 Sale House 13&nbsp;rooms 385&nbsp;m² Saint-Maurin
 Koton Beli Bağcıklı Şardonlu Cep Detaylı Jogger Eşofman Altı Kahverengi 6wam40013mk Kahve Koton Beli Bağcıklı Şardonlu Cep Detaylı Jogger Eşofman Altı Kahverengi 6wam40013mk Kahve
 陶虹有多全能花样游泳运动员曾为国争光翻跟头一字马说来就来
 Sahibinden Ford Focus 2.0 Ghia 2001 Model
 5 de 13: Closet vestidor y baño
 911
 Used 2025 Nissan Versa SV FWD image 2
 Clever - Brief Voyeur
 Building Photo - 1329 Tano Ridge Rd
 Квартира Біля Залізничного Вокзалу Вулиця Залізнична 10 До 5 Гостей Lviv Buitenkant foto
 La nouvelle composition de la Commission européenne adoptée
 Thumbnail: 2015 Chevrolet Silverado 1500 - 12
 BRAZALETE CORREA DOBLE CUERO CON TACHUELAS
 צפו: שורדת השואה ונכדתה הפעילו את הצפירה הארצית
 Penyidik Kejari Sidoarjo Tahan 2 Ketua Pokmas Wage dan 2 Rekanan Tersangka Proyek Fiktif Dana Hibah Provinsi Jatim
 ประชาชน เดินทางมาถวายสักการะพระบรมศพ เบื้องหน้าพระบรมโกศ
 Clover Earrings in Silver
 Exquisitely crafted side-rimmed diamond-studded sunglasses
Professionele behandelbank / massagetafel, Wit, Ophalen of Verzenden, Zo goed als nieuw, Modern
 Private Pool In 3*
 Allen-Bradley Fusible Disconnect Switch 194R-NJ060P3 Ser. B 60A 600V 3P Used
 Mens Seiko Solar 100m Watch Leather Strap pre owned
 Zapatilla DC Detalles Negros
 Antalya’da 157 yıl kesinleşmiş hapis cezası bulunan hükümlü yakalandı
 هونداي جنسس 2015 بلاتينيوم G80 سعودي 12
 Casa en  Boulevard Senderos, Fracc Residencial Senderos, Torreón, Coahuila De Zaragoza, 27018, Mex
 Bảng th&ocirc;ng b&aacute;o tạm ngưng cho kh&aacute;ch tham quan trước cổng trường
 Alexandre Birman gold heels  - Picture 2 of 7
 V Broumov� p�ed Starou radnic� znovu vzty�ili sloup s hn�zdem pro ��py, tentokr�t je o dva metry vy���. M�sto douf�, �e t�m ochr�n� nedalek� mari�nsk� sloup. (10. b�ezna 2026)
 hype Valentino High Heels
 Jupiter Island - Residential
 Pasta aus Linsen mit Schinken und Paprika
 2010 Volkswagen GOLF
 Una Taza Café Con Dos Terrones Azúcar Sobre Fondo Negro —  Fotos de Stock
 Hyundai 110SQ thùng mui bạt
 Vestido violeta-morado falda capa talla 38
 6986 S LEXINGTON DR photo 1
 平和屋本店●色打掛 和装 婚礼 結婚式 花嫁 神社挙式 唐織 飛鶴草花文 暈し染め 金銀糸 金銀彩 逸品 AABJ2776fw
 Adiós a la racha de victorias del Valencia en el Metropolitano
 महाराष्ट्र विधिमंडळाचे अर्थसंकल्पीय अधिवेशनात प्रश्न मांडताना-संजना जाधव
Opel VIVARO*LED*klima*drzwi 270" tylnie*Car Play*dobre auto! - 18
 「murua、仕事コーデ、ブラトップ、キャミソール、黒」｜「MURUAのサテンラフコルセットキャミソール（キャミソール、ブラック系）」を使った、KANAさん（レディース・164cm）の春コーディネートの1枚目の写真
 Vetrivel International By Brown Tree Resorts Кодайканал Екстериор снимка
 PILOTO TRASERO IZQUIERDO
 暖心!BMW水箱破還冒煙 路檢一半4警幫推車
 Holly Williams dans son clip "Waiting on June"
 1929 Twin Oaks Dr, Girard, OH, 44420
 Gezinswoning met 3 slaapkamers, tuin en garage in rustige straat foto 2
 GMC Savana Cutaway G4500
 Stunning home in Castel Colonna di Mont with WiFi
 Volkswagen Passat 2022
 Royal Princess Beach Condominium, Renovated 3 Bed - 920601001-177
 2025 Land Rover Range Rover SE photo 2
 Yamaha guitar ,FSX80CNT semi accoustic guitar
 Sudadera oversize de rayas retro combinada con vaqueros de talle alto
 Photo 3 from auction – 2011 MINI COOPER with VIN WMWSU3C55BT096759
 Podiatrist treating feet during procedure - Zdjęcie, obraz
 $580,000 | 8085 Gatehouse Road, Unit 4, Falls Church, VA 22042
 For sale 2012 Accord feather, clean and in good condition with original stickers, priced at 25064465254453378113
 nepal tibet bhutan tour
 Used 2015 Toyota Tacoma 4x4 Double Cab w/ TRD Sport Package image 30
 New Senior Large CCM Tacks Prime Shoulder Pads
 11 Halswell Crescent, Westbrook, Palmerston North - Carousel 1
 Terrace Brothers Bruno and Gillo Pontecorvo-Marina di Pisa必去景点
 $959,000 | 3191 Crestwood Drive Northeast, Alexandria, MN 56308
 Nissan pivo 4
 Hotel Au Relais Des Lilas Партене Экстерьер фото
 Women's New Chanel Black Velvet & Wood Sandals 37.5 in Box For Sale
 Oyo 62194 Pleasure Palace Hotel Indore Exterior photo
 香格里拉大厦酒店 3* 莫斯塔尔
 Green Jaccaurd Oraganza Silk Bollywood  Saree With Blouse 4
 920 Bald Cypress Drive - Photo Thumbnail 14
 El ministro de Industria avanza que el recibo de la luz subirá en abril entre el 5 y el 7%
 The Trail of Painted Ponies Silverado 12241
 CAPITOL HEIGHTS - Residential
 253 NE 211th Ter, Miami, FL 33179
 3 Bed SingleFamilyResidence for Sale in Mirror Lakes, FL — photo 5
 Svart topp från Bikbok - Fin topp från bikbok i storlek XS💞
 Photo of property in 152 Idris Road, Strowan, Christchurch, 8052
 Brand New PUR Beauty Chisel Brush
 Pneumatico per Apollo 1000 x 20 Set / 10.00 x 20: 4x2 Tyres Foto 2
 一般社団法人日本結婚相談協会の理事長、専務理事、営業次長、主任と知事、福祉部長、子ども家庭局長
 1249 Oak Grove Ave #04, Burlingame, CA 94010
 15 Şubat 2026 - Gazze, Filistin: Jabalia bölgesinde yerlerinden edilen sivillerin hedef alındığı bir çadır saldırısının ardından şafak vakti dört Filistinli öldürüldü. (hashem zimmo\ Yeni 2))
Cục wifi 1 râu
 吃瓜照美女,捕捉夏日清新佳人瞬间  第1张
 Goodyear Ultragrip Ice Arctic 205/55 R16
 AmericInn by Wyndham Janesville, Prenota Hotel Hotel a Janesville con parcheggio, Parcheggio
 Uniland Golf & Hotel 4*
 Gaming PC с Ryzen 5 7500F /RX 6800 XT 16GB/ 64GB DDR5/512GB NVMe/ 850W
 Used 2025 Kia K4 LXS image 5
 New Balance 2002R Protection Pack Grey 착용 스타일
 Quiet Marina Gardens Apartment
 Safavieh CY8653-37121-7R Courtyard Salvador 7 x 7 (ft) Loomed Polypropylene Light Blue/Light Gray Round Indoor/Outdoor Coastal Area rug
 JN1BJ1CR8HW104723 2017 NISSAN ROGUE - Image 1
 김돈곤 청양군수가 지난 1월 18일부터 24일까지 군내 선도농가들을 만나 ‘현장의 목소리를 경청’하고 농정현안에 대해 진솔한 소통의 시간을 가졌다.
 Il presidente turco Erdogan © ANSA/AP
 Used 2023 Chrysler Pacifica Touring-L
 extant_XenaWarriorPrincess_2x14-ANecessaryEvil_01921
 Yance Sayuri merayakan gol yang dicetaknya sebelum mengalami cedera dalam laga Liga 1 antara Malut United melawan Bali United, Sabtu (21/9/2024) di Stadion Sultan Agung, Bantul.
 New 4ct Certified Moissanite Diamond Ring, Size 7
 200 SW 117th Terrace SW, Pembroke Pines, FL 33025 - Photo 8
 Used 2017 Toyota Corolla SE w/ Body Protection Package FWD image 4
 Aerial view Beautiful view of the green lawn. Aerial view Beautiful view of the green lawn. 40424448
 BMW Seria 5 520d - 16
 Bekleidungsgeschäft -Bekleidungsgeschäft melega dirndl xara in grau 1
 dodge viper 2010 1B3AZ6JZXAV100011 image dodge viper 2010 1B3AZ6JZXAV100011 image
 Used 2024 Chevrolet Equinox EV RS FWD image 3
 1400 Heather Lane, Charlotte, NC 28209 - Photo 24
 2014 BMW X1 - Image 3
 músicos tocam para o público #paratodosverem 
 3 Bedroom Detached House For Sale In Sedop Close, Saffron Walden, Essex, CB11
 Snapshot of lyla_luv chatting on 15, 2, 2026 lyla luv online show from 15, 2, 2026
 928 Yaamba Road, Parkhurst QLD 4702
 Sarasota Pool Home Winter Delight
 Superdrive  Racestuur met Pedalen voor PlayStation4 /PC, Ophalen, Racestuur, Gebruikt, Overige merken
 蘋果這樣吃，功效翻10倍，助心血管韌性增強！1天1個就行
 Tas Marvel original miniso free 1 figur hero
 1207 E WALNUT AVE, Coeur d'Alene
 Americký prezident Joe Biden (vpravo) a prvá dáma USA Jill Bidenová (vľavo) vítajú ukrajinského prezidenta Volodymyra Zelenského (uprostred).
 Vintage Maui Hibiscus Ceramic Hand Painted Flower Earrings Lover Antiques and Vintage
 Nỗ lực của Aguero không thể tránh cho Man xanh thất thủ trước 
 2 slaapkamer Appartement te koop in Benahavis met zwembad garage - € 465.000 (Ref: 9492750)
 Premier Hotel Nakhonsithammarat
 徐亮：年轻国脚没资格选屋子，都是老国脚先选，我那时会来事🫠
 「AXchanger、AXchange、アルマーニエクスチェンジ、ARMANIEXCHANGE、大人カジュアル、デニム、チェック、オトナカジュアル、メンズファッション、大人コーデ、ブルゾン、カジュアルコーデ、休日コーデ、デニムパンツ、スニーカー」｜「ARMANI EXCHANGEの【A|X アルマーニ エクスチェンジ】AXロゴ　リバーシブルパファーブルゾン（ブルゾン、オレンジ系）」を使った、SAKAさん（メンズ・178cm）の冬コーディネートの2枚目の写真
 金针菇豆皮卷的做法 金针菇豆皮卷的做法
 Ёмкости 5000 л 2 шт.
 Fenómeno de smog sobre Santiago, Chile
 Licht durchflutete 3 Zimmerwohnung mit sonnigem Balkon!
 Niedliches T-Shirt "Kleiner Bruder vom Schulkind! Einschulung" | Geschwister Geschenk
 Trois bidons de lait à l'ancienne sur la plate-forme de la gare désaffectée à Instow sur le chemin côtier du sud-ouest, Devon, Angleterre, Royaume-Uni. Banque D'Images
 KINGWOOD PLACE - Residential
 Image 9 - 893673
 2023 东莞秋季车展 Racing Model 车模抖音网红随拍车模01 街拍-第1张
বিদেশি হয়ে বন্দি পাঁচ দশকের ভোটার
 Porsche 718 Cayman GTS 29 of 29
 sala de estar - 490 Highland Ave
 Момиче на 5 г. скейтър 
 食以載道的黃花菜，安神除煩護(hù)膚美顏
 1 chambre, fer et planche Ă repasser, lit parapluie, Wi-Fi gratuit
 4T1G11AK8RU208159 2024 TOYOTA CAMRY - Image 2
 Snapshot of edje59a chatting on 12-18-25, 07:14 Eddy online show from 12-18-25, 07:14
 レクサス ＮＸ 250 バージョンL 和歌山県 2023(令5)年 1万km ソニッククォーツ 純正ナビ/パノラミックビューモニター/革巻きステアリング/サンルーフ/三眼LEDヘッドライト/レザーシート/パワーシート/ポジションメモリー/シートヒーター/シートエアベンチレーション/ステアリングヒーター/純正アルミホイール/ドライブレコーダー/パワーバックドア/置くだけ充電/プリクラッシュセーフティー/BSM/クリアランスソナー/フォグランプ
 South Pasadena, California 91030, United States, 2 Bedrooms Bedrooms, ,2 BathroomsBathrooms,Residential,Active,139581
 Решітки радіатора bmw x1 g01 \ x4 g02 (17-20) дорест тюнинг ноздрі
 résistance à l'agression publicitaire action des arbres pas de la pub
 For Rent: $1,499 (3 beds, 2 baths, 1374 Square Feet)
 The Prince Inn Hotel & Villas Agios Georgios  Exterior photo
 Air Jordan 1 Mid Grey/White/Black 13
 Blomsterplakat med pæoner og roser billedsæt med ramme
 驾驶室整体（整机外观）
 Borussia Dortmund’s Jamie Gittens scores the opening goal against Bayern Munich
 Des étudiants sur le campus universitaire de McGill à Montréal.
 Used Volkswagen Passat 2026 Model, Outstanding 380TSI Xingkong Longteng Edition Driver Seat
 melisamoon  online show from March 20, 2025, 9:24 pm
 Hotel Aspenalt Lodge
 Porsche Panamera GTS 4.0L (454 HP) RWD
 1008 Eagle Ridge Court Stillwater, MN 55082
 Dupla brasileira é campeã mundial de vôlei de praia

◇ ◇ ◇ ◇ ◇

Task goal: Scan the material and collect every line that contains "Thumbnail".

Reply to the exercise:
 Thumbnail: 2015 Chevrolet Silverado 1500 - 12
 920 Bald Cypress Drive - Photo Thumbnail 14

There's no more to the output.